• [Work instructions]:
The lines from the one containing "61, GREENHILL, BLACKWELL, BROMSGROVE, B60" through the last line below, both ends included, must be reproduced exactly, with no pictures.

• [Excerpted data]:

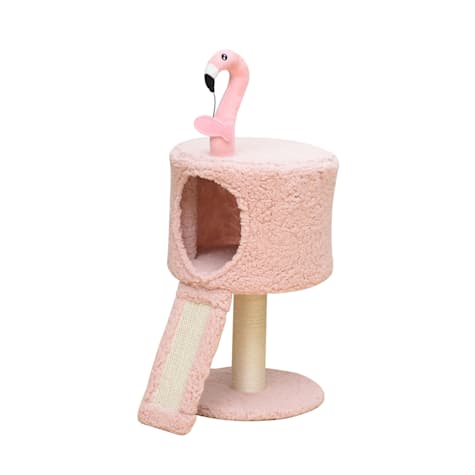 PetPals Group Catry Flamingo 2-Level Condo with Sisal Scratching Post Cat Toy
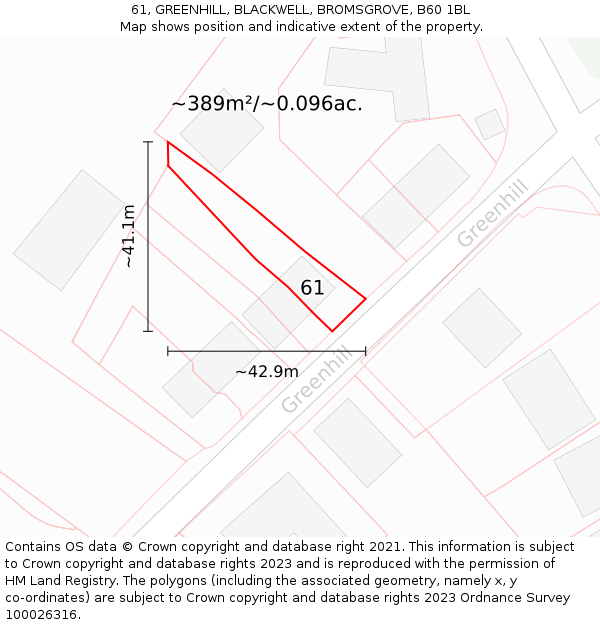 61, GREENHILL, BLACKWELL, BROMSGROVE, B60 1BL: Plot and title map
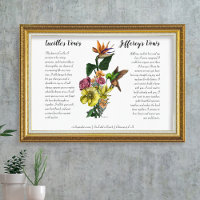 Elegant Tropical Floral Custom Wedding Vow Art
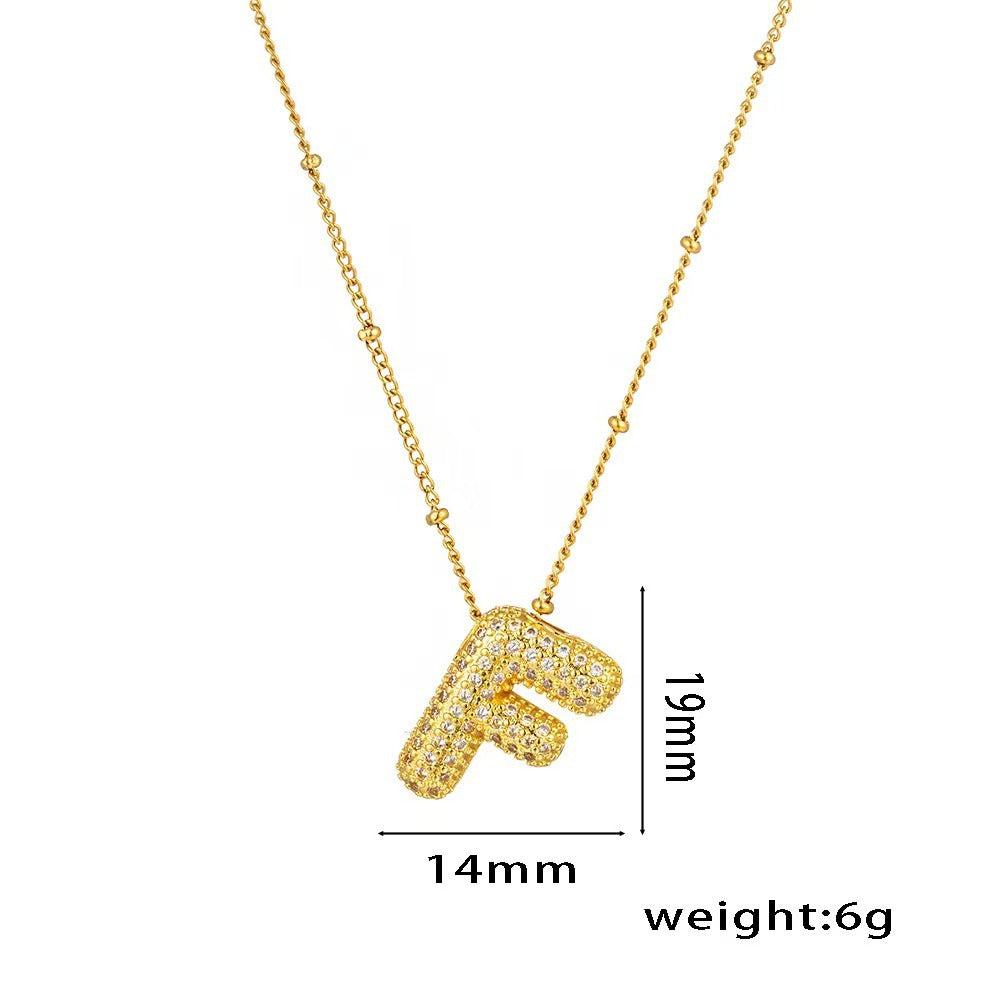 New Micro-Inlaid Zircon 26 Letter Pendant Necklace Copper Plated 18K Gold Fashionable And Classic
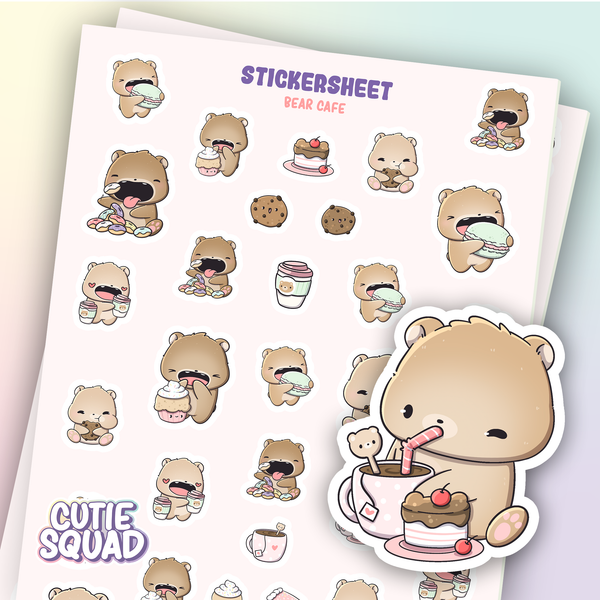 CutieSquad Stickervel - Bear Cafe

• [Exercise solution]:
 61, GREENHILL, BLACKWELL, BROMSGROVE, B60 1BL: Plot and title map
 Elegant Tropical Floral Custom Wedding Vow Art
 New Micro-Inlaid Zircon 26 Letter Pendant Necklace Copper Plated 18K Gold Fashionable And Classic
 CutieSquad Stickervel - Bear Cafe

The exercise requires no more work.